The first interesting new concept Gary talked about was interest on Technical Debt. Once Technical Debt is incurred it also accrues interest. He defined interest in these terms:

  • The time is takes to get back up to speed on the code where the Technical Debt was incurred
  • The cost of the damage to your brand due to Technical Debt
  • Possible loss of market share
  • Low morale in the team

Then he took this even further with a mathematical formula for calculating Technical Debt. This could be used to put an actual number (in kronor, euros or dollars) on the value of your Technical Debt.

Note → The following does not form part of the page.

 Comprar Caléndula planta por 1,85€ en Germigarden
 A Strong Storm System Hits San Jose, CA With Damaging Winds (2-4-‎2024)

He ran out of time at the end and had to skip a bunch of slides but he did it in such an entertaining way that it didn’t affect the quality of the session. I had fun at this one.

Transforming Data into Pixels: Visualization with Canvas and Coffeescript

Trevor Burnham did a live coding session on using Canvas in HTML 5 to visualize data. This wasn’t what I thought it would be. It was more a presentation of Coffeescript than HTML 5. Trevor did some low level Canvas rendering of data points (with x and y values) which could eventually be a data visualization tool.

Unfortunately, compared to Christian Johansen’s TDD Javascript session this was distinctly unimpressive. Trevor struggled a bit with the live coding and it did not showcase Coffeescript in a good way.

Patterns of Effective Delivery

This was a follow up to Dan North’s keynote yesterday. Dan presented some new patterns that he is currently figuring out. First Dan defined the three words Pattern, Effective and Delivery. The definition of Effective was extremely interesting. Effective only has meaning in a context, it depends on what you are optimising for. Today, quite a lot of us optimise for security in our processes. Processes like Scrum optimise for teachability. This is a very deep question, what are you optimising for in your current project?

Dan then presented a bunch of new patterns that developers could use depending on what they are optimising for. I don’t know what to make of these really. I’ll have to let them sink in and try think about them for myself. Some of them are really controversial and go against the current thinking in the Agile community. This session made me feel like a novice again. I don’t think I can use most of these patterns, I am just not good enough yet to judge if they have value. Unbelievably thought provoking, totally wrecked my head as we say in Ireland. Great way to end Öredev really. My cheese is moved.